The Farmington run involved lots of "spot time" while cars were unloaded, switched, etc. That resulted in lots of overtime, something that all railroaders live for. Old heads tell me if the NG had to deal with the current 12-hour law, it wouldn't have worked at all.
Jim Pearce told me of the long shove move into Farmington. I don't recall the details, but I think it involved a facing point move into Farmington, picking up the empties inbound, shoving them ahead to town, then spotting the loads headed back to Durango.

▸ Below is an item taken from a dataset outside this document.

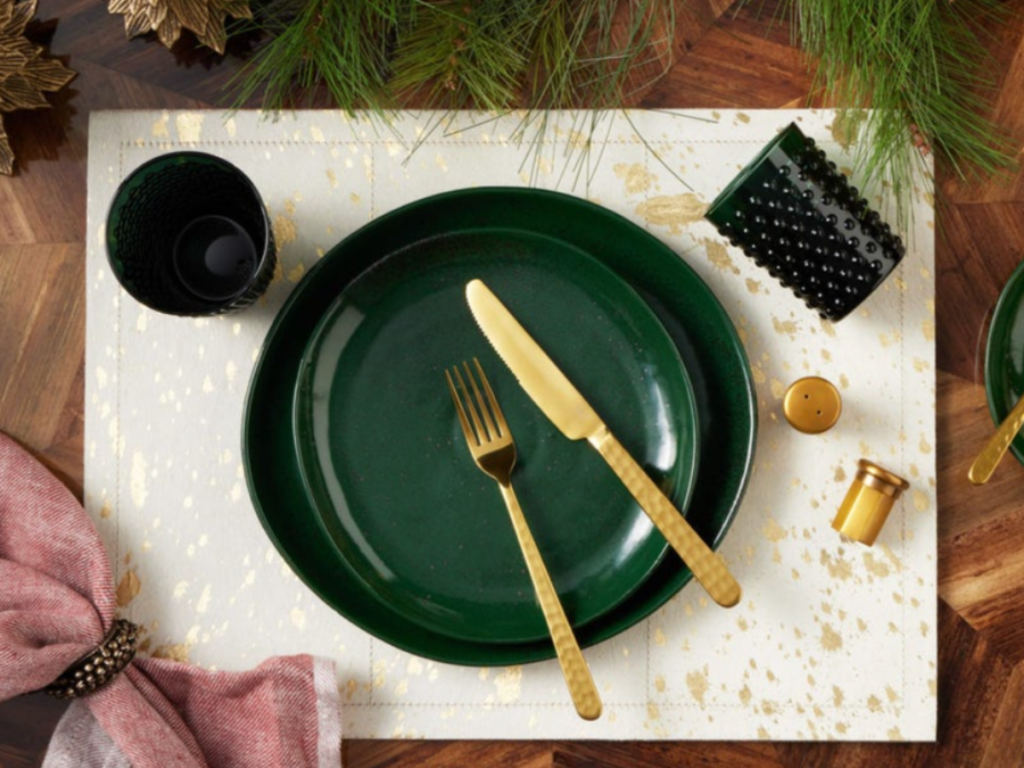Blue Pheasant green plate with gold cutlery on a speckled mat, dark green textured cup, pink napkin, pine leaves on a wooden table setting. Festive vibe.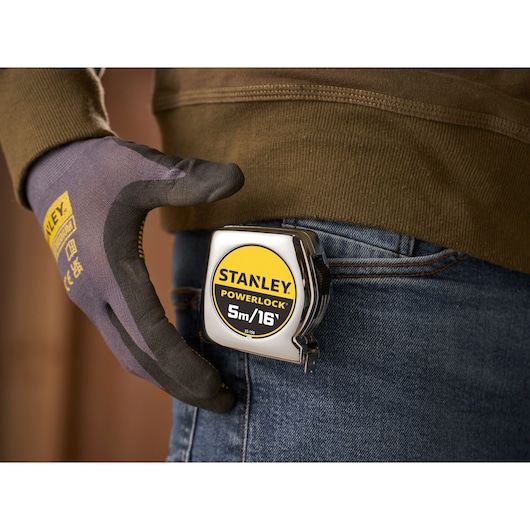STANLEY 0-33-158 PowerLock rolmaat aan een spijkerbroekzak geklemd, close-up van een gehandschoende hand.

He did say Farmington water was foul. Dispite loading the tender with water treatment "Nalco Balls", the boilers foamed. He said he rarely got out of Farmington with out taking some water. He would tank up in Bondad headed south, switch Farmington, then take only enough water to get back to Bondad. Sometimes they missed thier guess and had to drop thier train north of Cedar Hill and run for water. He told of a winter time trip with a 470 (common winter-time power to Farmington because the roadbed got real soft). They were headed home with a big train. He had a green fireman who managed to to slug the engine with too much coal. They were dragging about 60 cars. They had to stop near Flora Vista to blow up steam, shake the fire down, and get the water up in the boiler. He got to about 4 miles from the tank when the injecter sucked the tender dry. As he was beating the engine hard, he had no choice but to stop, cut off and run for water.
I guess running for water was a more forgivable sin than dropping the fire. At least it wasn't as hard on the engine.